=== SUPPLIED MATERIAL ===
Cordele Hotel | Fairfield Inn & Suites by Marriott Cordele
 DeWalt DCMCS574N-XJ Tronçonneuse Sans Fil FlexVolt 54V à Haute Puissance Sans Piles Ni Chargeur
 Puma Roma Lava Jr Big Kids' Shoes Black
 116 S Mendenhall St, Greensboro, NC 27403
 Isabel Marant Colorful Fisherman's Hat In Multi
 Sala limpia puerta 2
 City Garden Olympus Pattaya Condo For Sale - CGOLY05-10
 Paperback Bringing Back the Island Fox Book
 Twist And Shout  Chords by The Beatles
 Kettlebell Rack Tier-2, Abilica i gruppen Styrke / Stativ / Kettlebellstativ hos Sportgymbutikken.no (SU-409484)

=== INSTRUCTIONS TO FOLLOW ===
In full and without error, restate the data.

=== YOUR RESPONSE ===
Cordele Hotel | Fairfield Inn & Suites by Marriott Cordele
 DeWalt DCMCS574N-XJ Tronçonneuse Sans Fil FlexVolt 54V à Haute Puissance Sans Piles Ni Chargeur
 Puma Roma Lava Jr Big Kids' Shoes Black
 116 S Mendenhall St, Greensboro, NC 27403
 Isabel Marant Colorful Fisherman's Hat In Multi
 Sala limpia puerta 2
 City Garden Olympus Pattaya Condo For Sale - CGOLY05-10
 Paperback Bringing Back the Island Fox Book
 Twist And Shout  Chords by The Beatles
 Kettlebell Rack Tier-2, Abilica i gruppen Styrke / Stativ / Kettlebellstativ hos Sportgymbutikken.no (SU-409484)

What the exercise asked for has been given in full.